*DATA FOR THIS EXERCISE*
--
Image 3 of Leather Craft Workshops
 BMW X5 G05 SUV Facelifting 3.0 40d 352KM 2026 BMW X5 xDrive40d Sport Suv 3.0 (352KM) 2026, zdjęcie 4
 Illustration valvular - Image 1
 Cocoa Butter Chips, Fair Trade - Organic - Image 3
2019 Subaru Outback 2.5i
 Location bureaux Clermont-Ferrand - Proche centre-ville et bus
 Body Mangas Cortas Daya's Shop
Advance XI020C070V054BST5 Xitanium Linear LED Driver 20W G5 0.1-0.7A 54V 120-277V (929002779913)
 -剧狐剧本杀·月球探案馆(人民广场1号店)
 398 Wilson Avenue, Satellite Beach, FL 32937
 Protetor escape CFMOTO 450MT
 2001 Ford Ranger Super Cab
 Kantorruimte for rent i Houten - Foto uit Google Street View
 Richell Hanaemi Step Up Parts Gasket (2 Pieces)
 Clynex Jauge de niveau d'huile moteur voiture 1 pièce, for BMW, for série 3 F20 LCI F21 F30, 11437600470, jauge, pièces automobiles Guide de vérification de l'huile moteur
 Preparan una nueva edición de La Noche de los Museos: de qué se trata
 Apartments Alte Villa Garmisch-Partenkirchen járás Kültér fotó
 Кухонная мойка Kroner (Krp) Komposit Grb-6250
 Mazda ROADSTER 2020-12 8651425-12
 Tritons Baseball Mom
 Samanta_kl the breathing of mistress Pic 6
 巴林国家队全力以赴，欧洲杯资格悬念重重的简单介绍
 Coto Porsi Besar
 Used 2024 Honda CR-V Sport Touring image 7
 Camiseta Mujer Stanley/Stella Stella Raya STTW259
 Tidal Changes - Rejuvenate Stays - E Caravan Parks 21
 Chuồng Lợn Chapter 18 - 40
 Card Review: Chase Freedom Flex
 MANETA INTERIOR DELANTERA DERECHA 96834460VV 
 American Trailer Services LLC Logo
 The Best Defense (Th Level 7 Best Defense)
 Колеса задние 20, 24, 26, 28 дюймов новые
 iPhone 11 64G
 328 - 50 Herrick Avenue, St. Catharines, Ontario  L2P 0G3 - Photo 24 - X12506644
--
*WHAT YOU SHOULD DO*
What lines above contain the word "Avenue"? Please copy each one.

*EXPECTED ANSWER*
 398 Wilson Avenue, Satellite Beach, FL 32937
 328 - 50 Herrick Avenue, St. Catharines, Ontario  L2P 0G3 - Photo 24 - X12506644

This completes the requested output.